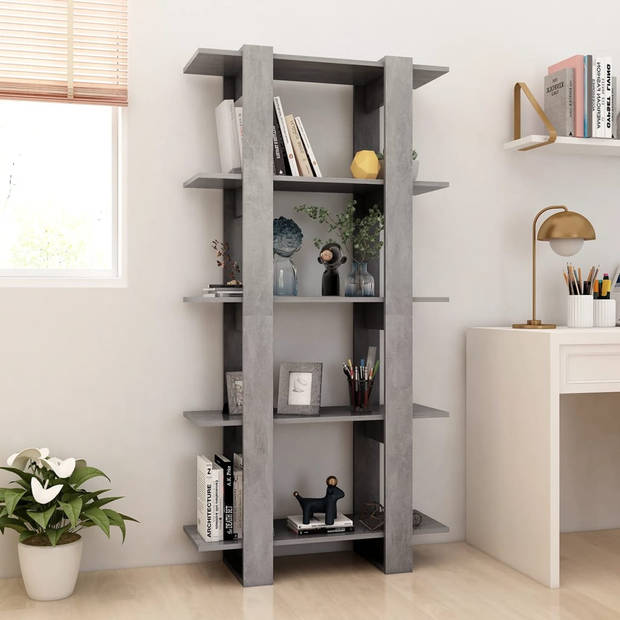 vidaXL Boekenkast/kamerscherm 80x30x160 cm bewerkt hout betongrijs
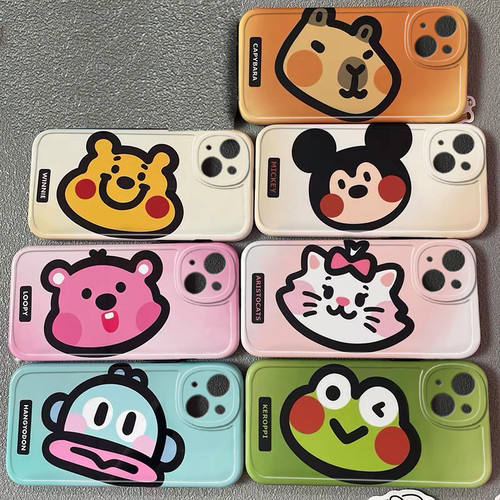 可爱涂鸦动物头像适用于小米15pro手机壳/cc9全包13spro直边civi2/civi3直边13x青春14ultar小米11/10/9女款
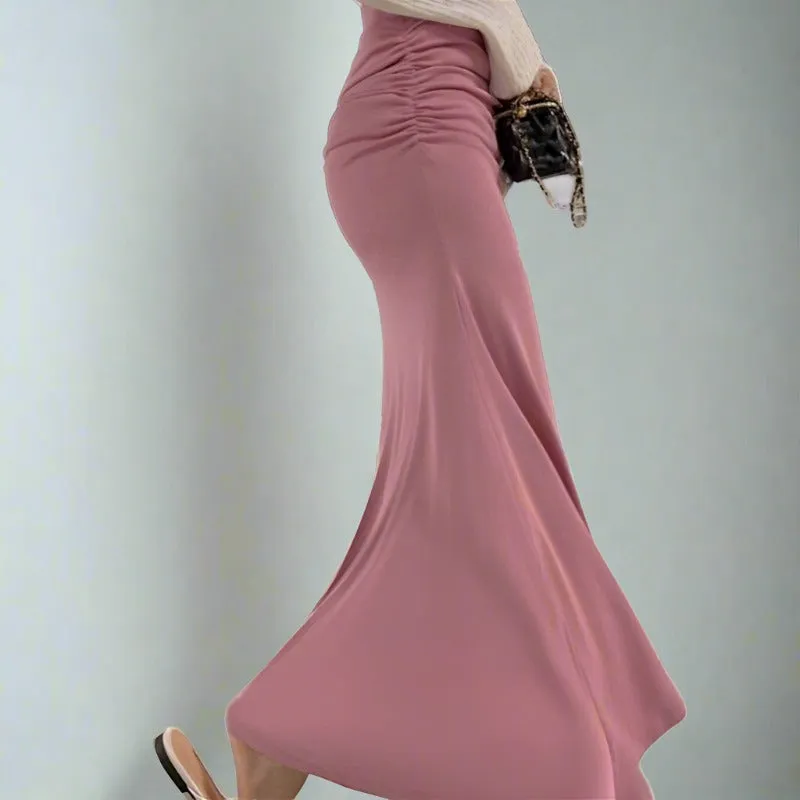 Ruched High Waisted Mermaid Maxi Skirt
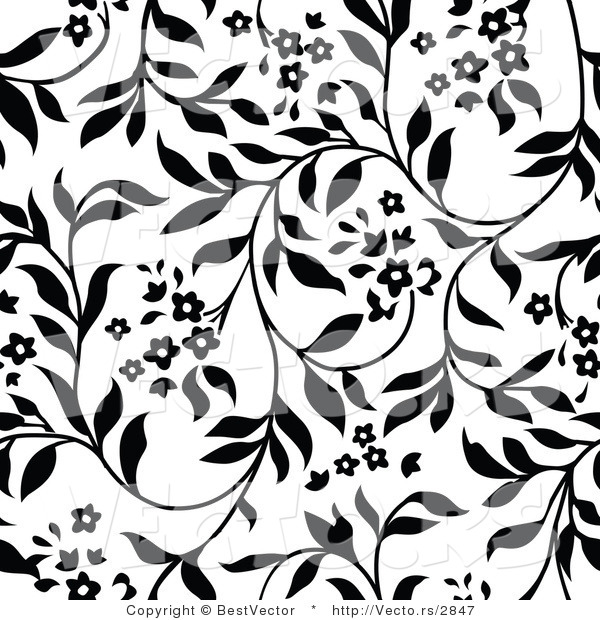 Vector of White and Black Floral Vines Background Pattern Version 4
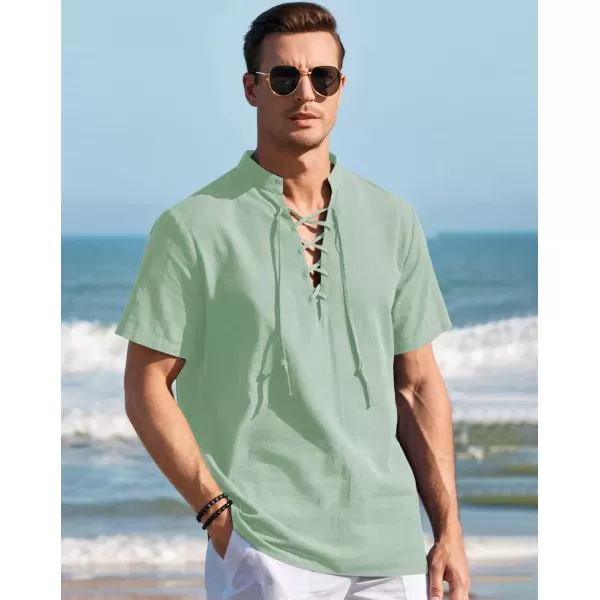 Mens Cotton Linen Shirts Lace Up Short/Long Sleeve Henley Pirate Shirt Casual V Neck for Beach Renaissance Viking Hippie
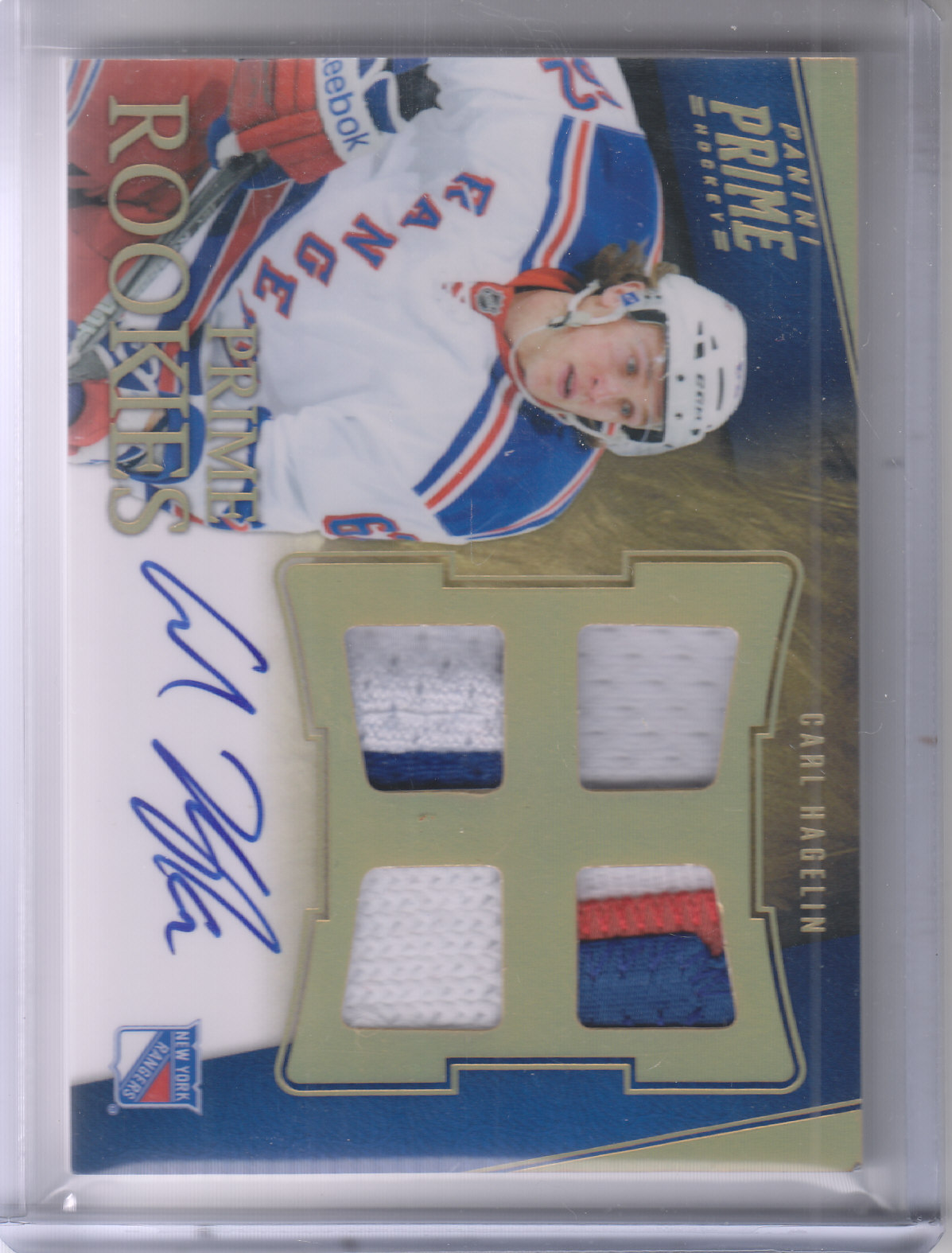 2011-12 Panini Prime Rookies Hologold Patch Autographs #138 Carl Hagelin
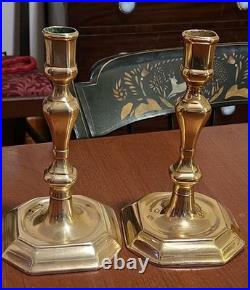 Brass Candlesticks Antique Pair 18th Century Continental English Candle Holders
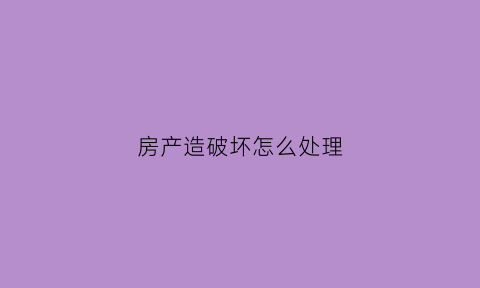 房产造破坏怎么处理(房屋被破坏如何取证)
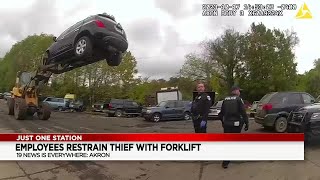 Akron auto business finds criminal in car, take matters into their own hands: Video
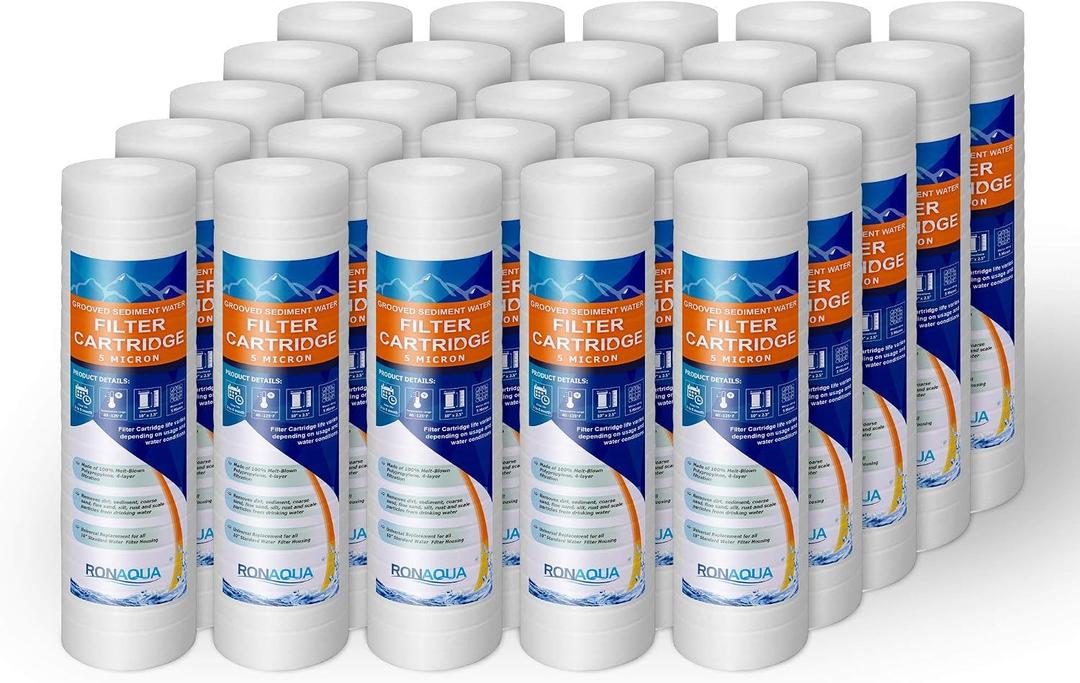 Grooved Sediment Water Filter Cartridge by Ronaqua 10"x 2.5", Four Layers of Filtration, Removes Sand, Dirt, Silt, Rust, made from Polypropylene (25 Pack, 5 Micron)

*****

* **Activity**: Restating the data word for word is the task, and pictures are to be omitted.

* **Task answer**:
 vidaXL Boekenkast/kamerscherm 80x30x160 cm bewerkt hout betongrijs
 可爱涂鸦动物头像适用于小米15pro手机壳/cc9全包13spro直边civi2/civi3直边13x青春14ultar小米11/10/9女款
 Ruched High Waisted Mermaid Maxi Skirt
 Vector of White and Black Floral Vines Background Pattern Version 4
 Mens Cotton Linen Shirts Lace Up Short/Long Sleeve Henley Pirate Shirt Casual V Neck for Beach Renaissance Viking Hippie
 2011-12 Panini Prime Rookies Hologold Patch Autographs #138 Carl Hagelin
 Brass Candlesticks Antique Pair 18th Century Continental English Candle Holders
 房产造破坏怎么处理(房屋被破坏如何取证)
 Akron auto business finds criminal in car, take matters into their own hands: Video
 Grooved Sediment Water Filter Cartridge by Ronaqua 10"x 2.5", Four Layers of Filtration, Removes Sand, Dirt, Silt, Rust, made from Polypropylene (25 Pack, 5 Micron)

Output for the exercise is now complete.